1 Department of Plastic Surgery, 15 Khordad Educational Hospital, School of Medicine, Shahid Beheshti University of Medical Sciences, Tehran, Iran
*Corresponding author: Marzieh Naghavi Ravandi, Department of Plastic Surgery, 15 Khordad Educational Hospital, School of Medicine, Shahid Beheshti University of Medical Sciences, Tehran, Iran. Tel: +98-2188901108, Fax: ++98-2188909193, E-mail: Naghavi72658@gmail.com.
Archives of Trauma Research. 6(1): e40753 , DOI: 10.5812/atr.40753
Article Type: Research Article; Received: Jul 13, 2016; Revised: Oct 25, 2016; Accepted: Nov 3, 2016; epub: Nov 15, 2016; collection: Mar 2017

Abstract


Background: Crushed fingers are one of the most common reasons that patients visit the emergency centers for hand surgery, and based on the level of injury, it can cause many disabilities for patients. It is difficult to decide the treatment strategies (amputation, aggressive revascularization, immediate or delayed complex reconstruction and immediate conservative treatment) for crushed fingers.

Objectives: The current study aimed to compare the blood sugar (BS) levels measured by the glucometer in healthy and crushed fingers to predict gangrene in patients referred to 15 Khordad Hospital in Tehran, Iran.

Methods: This cohort study was conducted on 265 patients with crushed fingers referred to the emergency center of 15 Khordad hospital in Tehran, Iran, from March 2015 to March 2016. Blood glucose levels were measured by glucometer in the crushed fingers and in the finger of the opposite side at the same time and measurements were recorded. Data were analyzed using t-test and chi-square test with SPSS software version 22.

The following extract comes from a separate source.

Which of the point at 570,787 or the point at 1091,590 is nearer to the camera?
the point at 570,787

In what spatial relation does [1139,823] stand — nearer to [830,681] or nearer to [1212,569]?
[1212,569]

Results: The results showed that 317 crushed fingers of 265 patients were ischemic based on the color, temperature, capillary refill time and pulse oximetry and accordingly the vascular reconstruction was not possible. Of 317 crushed fingers, 61 (19.24%) became gangrene (all with sugar levels lower than 37). The mean BS levels of the amputated and non-amputated fingers were 33.5 ± 1.52 and 111.04 ± 15.27 mg/dL, respectively. Therefore, there was a significant difference in the mean BS level between the patients with amputated and non-amputated fingers (P < 0.001).

Conclusions: The lower levels of sugar in crushed fingers compared to healthy fingers can help to diagnose gangrene in crushed fingers.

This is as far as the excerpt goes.